3. La société requérante soutient que l'administration a procédé à un emport irrégulier de documents, ses fichiers comptables ayant été chargés par le vérificateur sur une clé USB, sans son accord préalable et sans formalisme particulier. Il résulte toutefois de l'instruction, d'une part, que la société, qui tenait sa comptabilité au moyen de systèmes informatisés, a fait application des dispositions du premier alinéa de l'article L. 47 A précité du livre des procédures fiscales en remettant elle-même au vérificateur une copie des fichiers informatiques des écritures comptables sur une clé USB, ainsi qu'en attestent les procès-verbaux signés par son gérant les 1er décembre 2011 et 10 janvier 2012. Les documents comptables ainsi remis au service sous forme dématérialisée n'étaient que de simples copies, par la suite restituées le 23 juillet 2012, de documents originaux demeurés en la possession de la société, qui en conservait la disposition. Elle ne saurait, par suite, soutenir que le vérificateur se serait livré à un emport irrégulier de documents comptables. D'autre part, le vérificateur s'est borné à consulter par simple lecture et à analyser les documents comptables qui lui avaient été remis sous forme dématérialisée, sans procéder à des traitements informatiques au sens du II de l'article L. 47 A du livre des procédures fiscales. Il s'est en effet contenté de constater que la société n'a présenté aucun document justificatif de nature à justifier du bien-fondé des écritures comptables correspondant aux provisions et aux avoirs clients dont la déduction a été remise en cause. Aussi, la société requérante ne peut utilement faire valoir que le vérificateur ne l'a pas informée par écrit des différentes options dont elle disposait s'agissant des traitements informatiques envisagés.
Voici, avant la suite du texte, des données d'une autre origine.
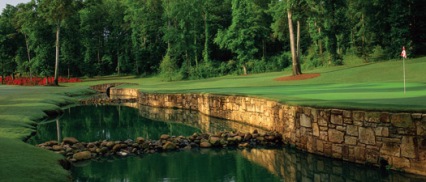 Great Waters Golf Course At Reynolds National Club,Eatonton, Georgia,  - Golf Course Photo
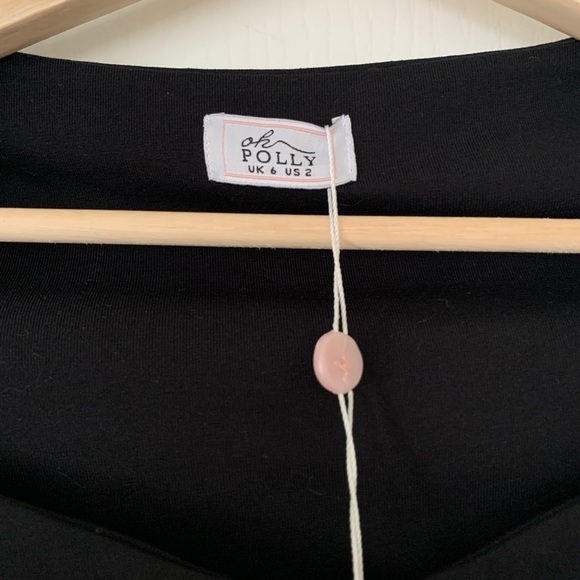 Oh Polly Long Story Short Long Sleeve Crop Top - Picture 9 of 11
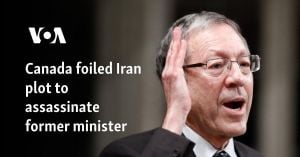 Canada Thwarts Iranian Assassination Plot Against Irwin Cotler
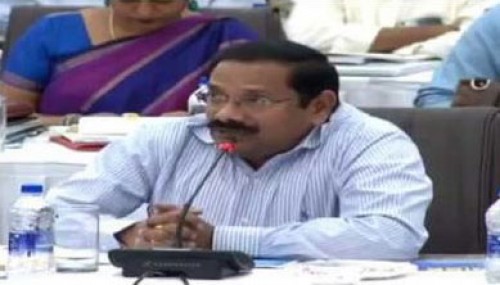 ఏపీ ఎన్నికల ప్రధాన అధికారిగా కె.విజయానంద్‌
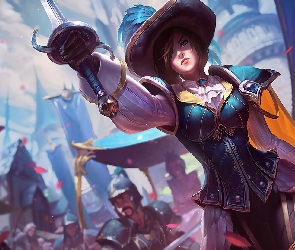 League of legends, Fiora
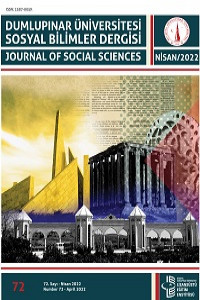 Dumlupınar Üniversitesi Sosyal Bilimler Dergisi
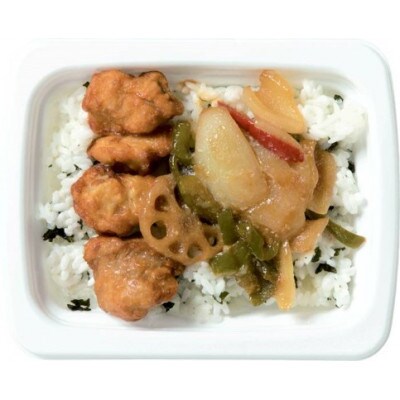 グルメストック　自由時菜　ごま香る黒酢あんの豚からあげ丼　12パックセット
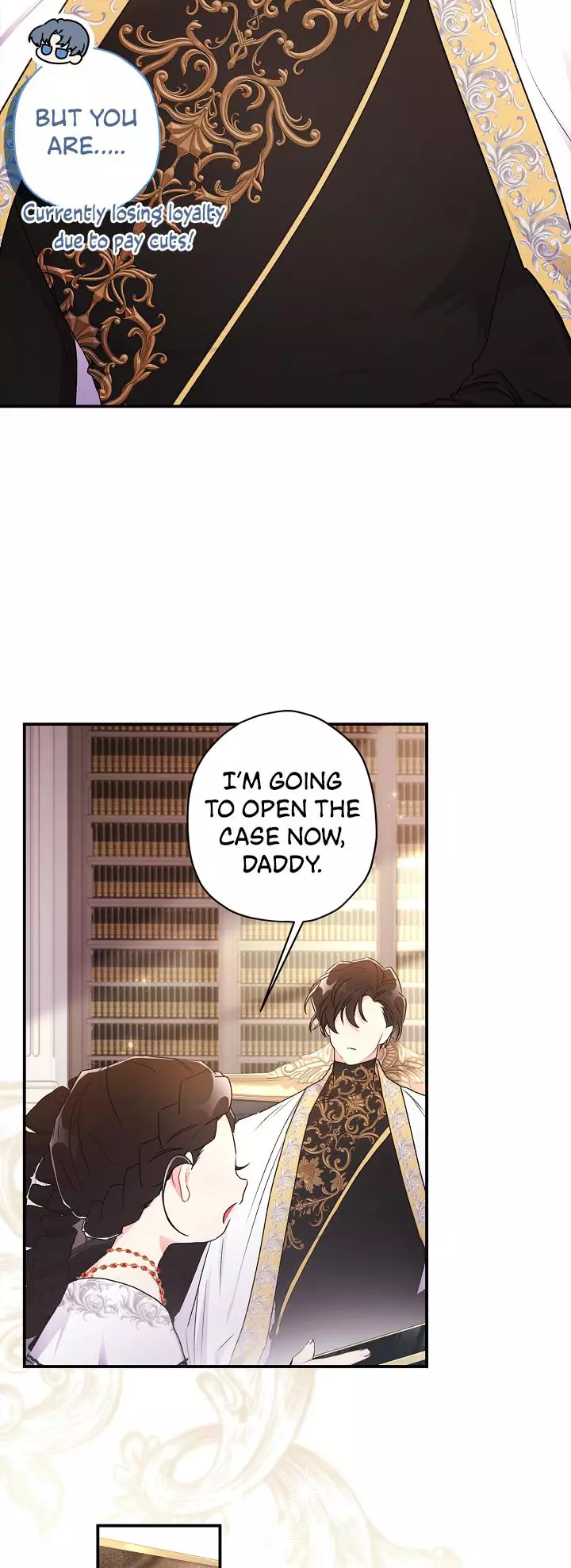 I Became The Male Lead’S Adopted Daughter - 86 page 33-12dc8773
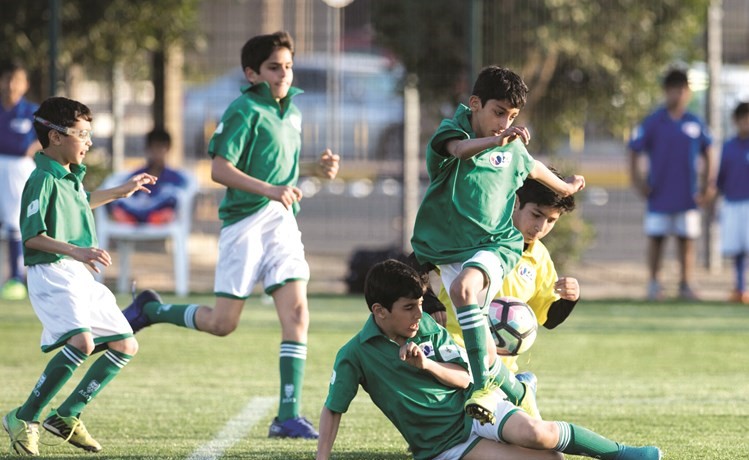 مواهب متجددة في البرنامج الرياضي﻿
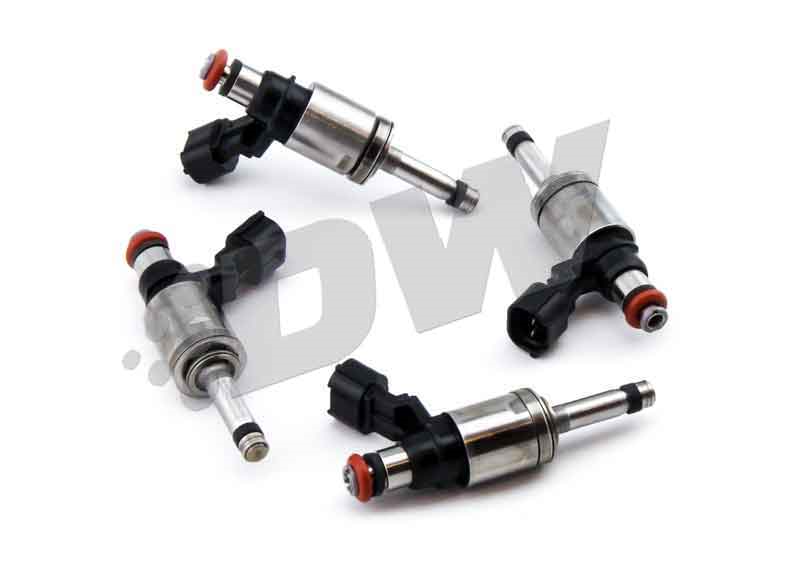 DeatschWerks set of 4 injectors 1700cc/min - suitable for 2.0/2.3 ecoboost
4. Si la société Euro Expertise Comptable allègue que le vérificateur n'aurait pas suffisamment pris en considération la conjoncture délicate dans laquelle elle se trouvait à l'époque du contrôle, dans la mesure où elle venait de faire l'acquisition d'une société en liquidation judiciaire et dont l'ancien gérant était décédé, ce qui rendait selon elle difficile la collecte d'informations et d'éléments justificatifs, elle ne précise pas en quoi il en résulterait une irrégularité de procédure. Il ne résulte en particulier aucunement de l'instruction que le vérificateur se serait refusé à un débat contradictoire avec la contribuable ou aurait, par son comportement, manqué de loyauté à son égard. La société admet d'ailleurs elle-même que, le débat s'étant poursuivi avec l'administration, celle-ci a tenu compte des pièces justificatives qu'elle a été en mesure d'apporter postérieurement. Le moyen doit donc être écarté.
5. Enfin, la seule circonstance que l'administration n'a pas procédé à une reconstitution du chiffre d'affaires de la société, ce qu'elle n'était nullement tenue de faire, ne permet pas de considérer que les rehaussements litigieux n'ont pas donné lieu à une motivation suffisante. En l'occurrence, la proposition de rectification du 5 mars 2012 adressée à la requérante comportait l'ensemble des mentions lui permettant de comprendre les motifs et les montants des rappels envisagés, en conformité avec les prescriptions de l'article L. 57 du livre des procédures fiscales.
Sur le bien-fondé des impositions :
6. La société Euro Expertise Comptable soutient que les anomalies entachant sa comptabilité étaient mineures et ne justifiaient pas qu'elle soit regardée comme non probante et écartée. Le moyen est en tout état de cause inopérant dès lors que les rappels d'impôt sur les sociétés litigieux ne procèdent pas d'une reconstitution extracomptable du chiffre d'affaires de la société résultant du caractère non probant de la comptabilité présentée.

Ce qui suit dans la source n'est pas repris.